We now know that the spiral nebulae are, in fact, galaxies like our own, very distant from us, and that we are not at the center of our own Galaxy.
The structure of the Milky Way
21-cm emission from atomic hydrogen
Since the 1950s we have been able to map the structure of the Galaxy's disk using 21-cm radio emission from neutral hydrogen clouds in the disk. This radiation is not strongly absorbed except in the center of the Galaxy, so we can see a much larger fraction of the whole than we can using the visible light from stars.
The different parts of the disk viewed along a line of sight have different line-of-sight speeds, so the 21-cm emission produced in different parts of the disk has different Doppler shifts.
Using these observations we've been able to determine that the Milky Way has the following “parts.” (The parts are not solid, of course, but consist of stars and gas clouds.)
A flattened disk about 30 kpc across and less than 1 kpc thick. The disk has several spiral arms like the ones seen in other galaxies.
A smaller bulge a few kpc across at the center of the Galaxy. The stellar population of the bulge is more similar to that of the globular clusters than the disk.
A large, spherical halo more like 100 kpc across. The density of stars in the halo is much lower than in the disk or bulge, but (see below) there's still a lot of matter there.
We are inside the disk about 8 kpc from the center.
The disk rotates differentially: the linear velocity of atomic hydrogen clouds is roughly the same (about 220 km/s) throughout the disk, which means that the angular speed varies with distance from the center. At the Sun's position we go around once in about 230 million years.
Dark matter
The constant rotation velocity is a puzzle (first pointed out by Vera Rubin). The number of stars decreases as we go from the center to the edge of the disk, so if stars (and gas clouds) were all of the matter, the rotation velocity should decrease toward the edge. This is because the orbital velocity depends on the amount of matter within the orbit.
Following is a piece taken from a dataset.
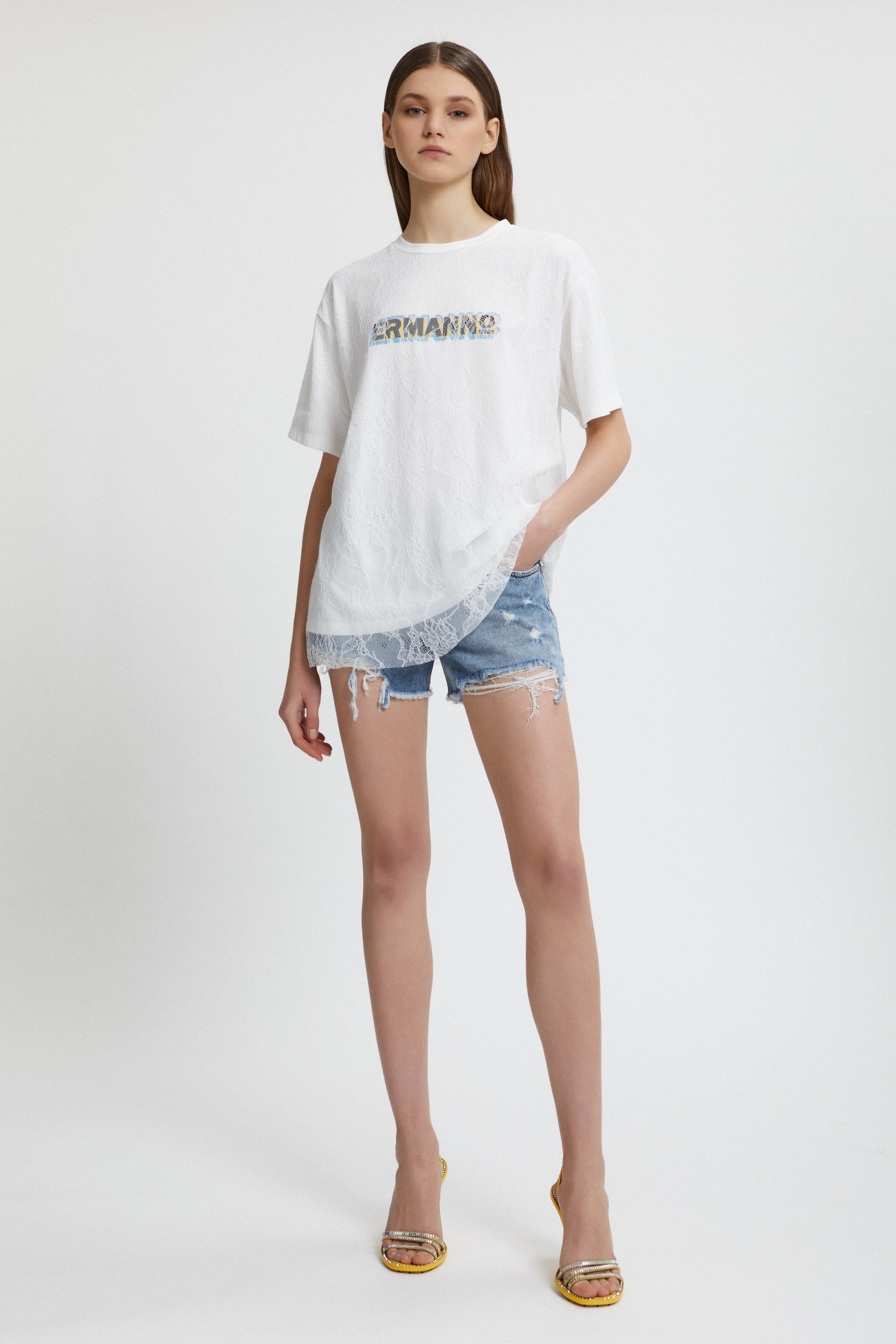 LOGO T-SHIRT WITH LACE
Though there are about 200 billion stars in the Milky Way, the total mass inferred from the rotation velocity is about 1 trillion times the mass of the Sun. So most of the mass is not visible: we think it must be some type of dark matter. (An alternative idea is that Newton – and Einstein – are wrong about gravity; but so far this has not borne out.)
Two basic categories of idea about dark matter:
Perhaps it's in the form of planets, brown dwarfs, black holes, etc. that are so dim and far away that we can't see them. These are called MACHOs (Massive Compact Halo Objects).
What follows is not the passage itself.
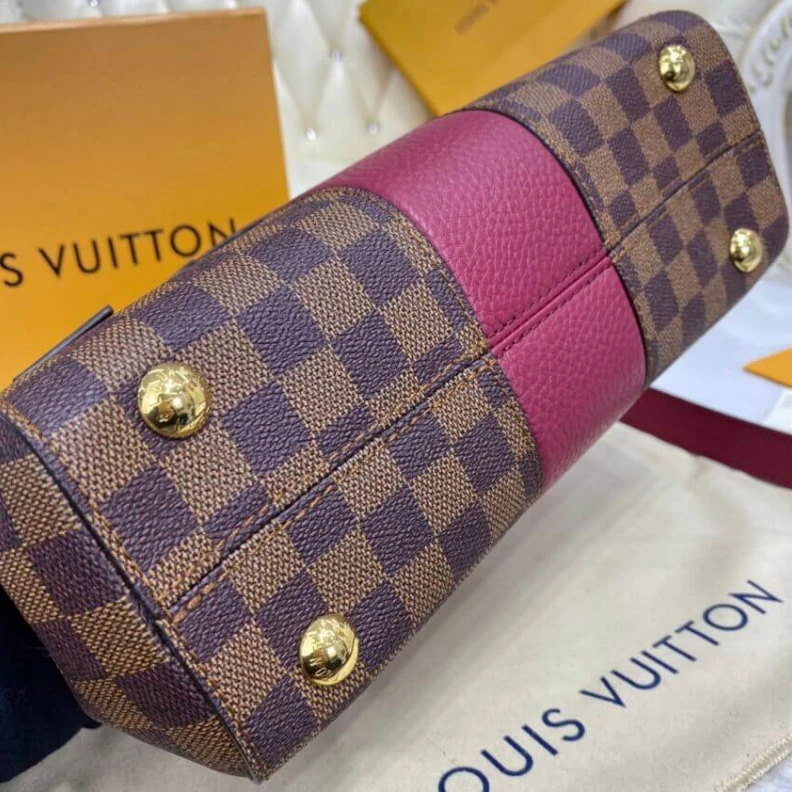 Replica bags lv 1 top han Louis Vuitton Damier Ebene Bond Street MM Fuchsia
Perhaps it's in the form of an exotic type of particle that only interacts with ordinary matter through the force of gravity – a WIMP (Weakly Interacting Massive Particle).
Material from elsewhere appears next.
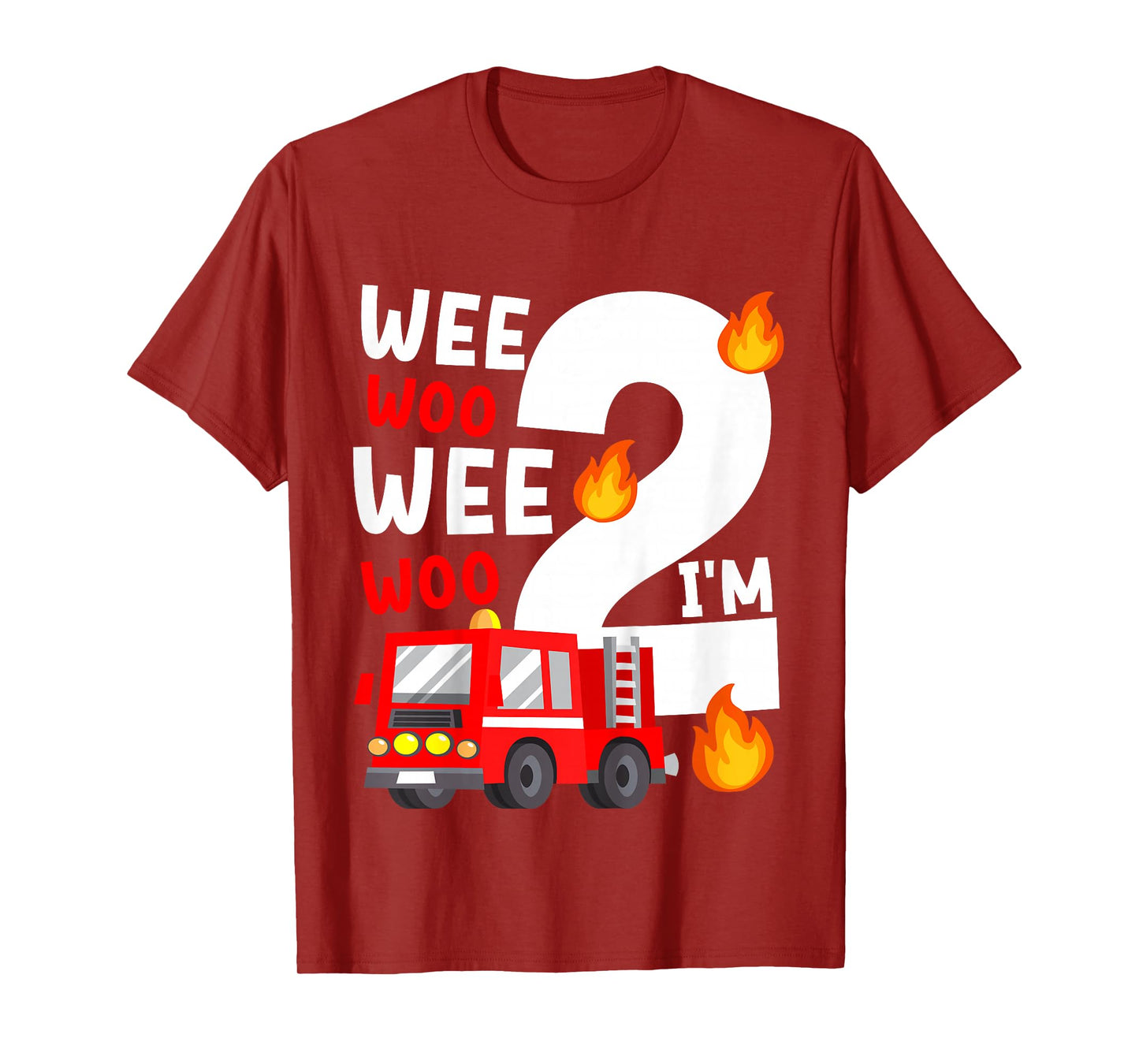 Kids Wee Woo I'm 2 Years Old Red Fire Truck Boys 2nd Birthday T-Shirt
MACHOs can be detected through a technique called gravitational microlensing.
When a MACHO passes in front of a more distant star, light from the star is bent slightly by the MACHO's gravitational field, and we see the star appear to brighten as a result. As the MACHO moves in front of the star, the star gets first brighter, then dimmer.
So by staring at a region of sky every night for a few years and tracking the apparent brightness of all of the stars in that region (with a computer!), we can see how many appear to temporarily brighten in this way. (In any field of view there will always be a number of intrinsically variable stars [like Cepheids] – there are ways to distinguish microlensing events from these.)
From the amount and duration of brightening we can determine the masses and velocities of the MACHOs, and by counting these up we can estimate the total amount of mass in MACHOs.
It turns out that MACHOs can only be a small fraction of the required dark matter.
So – we are left with WIMPs. But nobody has ever seen these: what might they be? Stay tuned.
The Milky Way has several smaller satellite galaxies, including the Sagittarius dwarf elliptical and the Large and Small Magellanic Clouds. (The Clouds are readily visible to the naked eye – if you're in the southern hemisphere.)
The Milky Way and the Andromeda Galaxy, about 0.7 Mpc away, are the two largest members of a small group of galaxies called the Local Group, which contains about 40 galaxies.